Hi, I've been trying to removed duplicates lines with similar columns in a fixed width file and it's not working.
I've search the forum but nothing comes close.
There are 3 spaces between first set of alphanumerics and the last three letter codes.
I want to remove lines that match only up to the 3 blanks and ignore the 3 letter codes or whatever else is on that line after the 3 letter codes.
Anyone know how I can do this? I want to keep at least one instance of any duplicates...doesn't matter which.
I put asteriks where I need to keep one of any two.
All this does is create an associative array. The first time it encounters the array element it will be zero, so it will print the whole record. If the element is not zero we have seen it before, so do not print it. $1 is the first field in the record.

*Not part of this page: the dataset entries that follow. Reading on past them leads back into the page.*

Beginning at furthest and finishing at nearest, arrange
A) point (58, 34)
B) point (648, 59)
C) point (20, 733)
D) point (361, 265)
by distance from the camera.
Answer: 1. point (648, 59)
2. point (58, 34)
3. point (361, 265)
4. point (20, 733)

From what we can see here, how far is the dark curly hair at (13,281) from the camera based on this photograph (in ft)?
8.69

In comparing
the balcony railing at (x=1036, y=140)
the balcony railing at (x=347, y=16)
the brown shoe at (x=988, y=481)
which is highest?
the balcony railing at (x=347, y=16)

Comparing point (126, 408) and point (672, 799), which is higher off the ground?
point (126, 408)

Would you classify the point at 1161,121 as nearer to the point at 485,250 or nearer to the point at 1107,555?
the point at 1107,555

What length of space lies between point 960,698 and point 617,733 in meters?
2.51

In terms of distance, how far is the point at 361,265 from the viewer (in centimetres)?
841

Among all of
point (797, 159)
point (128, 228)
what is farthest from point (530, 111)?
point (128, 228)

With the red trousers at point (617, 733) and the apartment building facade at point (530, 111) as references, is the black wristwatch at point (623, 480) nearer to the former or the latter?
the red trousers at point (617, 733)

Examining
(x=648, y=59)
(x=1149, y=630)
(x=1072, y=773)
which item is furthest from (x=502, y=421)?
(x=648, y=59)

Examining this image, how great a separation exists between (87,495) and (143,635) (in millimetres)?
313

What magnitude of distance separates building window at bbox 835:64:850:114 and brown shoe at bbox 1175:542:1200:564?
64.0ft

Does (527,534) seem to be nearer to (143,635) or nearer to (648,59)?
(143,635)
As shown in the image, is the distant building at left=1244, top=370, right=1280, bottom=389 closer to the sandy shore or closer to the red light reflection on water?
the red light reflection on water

Wow. Thanks guys. I tried Perderabo's solution and it worked perfectly.
I wasn't sure if a simple code like that would work but it does and I'm a little unsure why it does work...glad it does but not sure why it does.
I'll test the other codes as well to see out of curiosity.
Thanks.
Gianni
I've seen this technique before but thought I would test it on 1 million lines in a data file. If finished in half of the time than the sort -mu command. awk also eliminated duplicates 1 million lines apart as you would expect based on the logic. The sort2-mu command assumes that the file is already sorted and a duplicate 1 million lines apart is ignored.

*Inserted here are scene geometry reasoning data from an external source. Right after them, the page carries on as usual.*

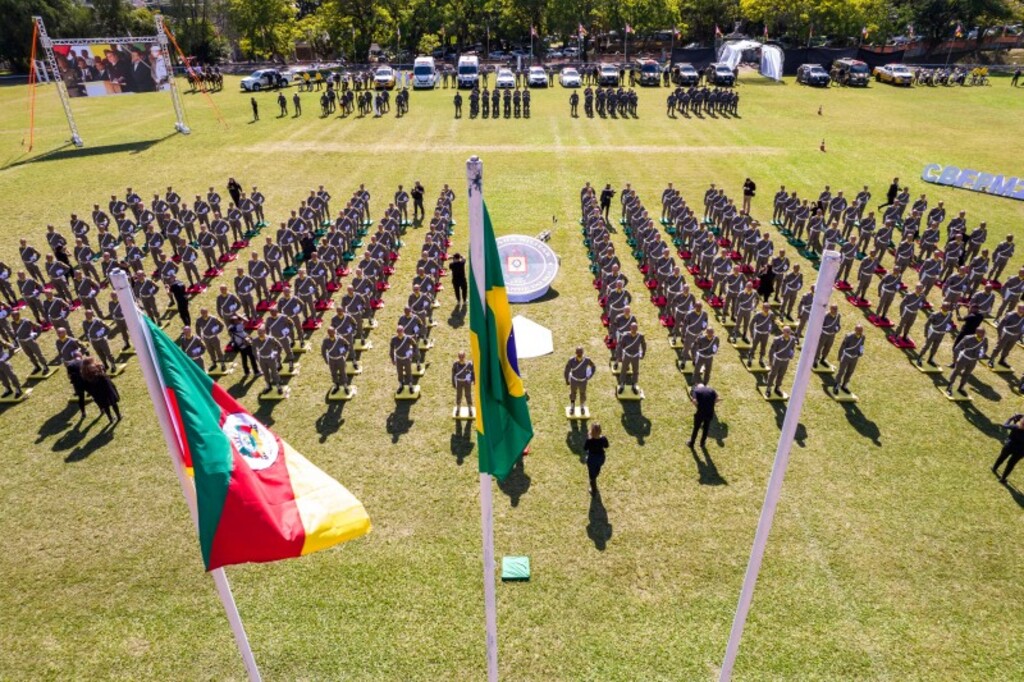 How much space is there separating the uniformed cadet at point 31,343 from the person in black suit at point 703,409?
1512cm

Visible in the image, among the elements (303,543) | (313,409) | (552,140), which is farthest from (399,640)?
(552,140)

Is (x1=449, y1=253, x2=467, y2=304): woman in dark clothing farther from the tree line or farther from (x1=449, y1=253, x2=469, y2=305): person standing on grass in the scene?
the tree line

I tried the different solutions and the one that comes closest is Perderabo's.
The only time it doesn't work is if there are any blanks in the first set of alphanumerics ( which I just found out is possible).

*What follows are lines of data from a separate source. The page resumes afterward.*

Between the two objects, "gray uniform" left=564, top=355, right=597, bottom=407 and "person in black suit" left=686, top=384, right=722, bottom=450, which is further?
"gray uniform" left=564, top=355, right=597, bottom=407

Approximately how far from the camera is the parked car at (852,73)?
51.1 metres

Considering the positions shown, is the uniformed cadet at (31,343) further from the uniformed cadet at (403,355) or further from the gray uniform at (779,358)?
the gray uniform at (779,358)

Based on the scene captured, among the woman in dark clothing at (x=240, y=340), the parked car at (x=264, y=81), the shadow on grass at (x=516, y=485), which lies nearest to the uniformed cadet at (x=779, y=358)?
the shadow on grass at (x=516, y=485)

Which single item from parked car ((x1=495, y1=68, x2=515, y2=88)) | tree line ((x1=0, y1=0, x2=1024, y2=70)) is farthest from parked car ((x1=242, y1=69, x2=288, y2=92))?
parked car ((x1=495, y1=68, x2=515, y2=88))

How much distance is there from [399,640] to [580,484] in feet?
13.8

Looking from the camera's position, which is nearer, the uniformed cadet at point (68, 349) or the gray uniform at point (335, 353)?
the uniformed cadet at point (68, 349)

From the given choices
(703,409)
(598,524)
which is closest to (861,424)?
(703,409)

How would I modify any of the above solutions to look at, say, characters 1 thru 30, out of a 100 character record for exact matches and keep first occurrence and remove the rest of the duplicates?
Here's some records that I found that's causing me to be back at square one...
Do I have to do an awk on this one with substrings? I tested Jim's solution also and it was fast..unfortunately it found a little more dups than I'd hope due to the way the records come in, otherwise, it I'd use it.
it might be better to think of your lines in terms of 'fields' - In case your 'fields' might become varying in length.
Right now all your fields are of the same length and 'substr($0,1,15)' seems to be refering to the first two fields. This is what makes your line/record unique.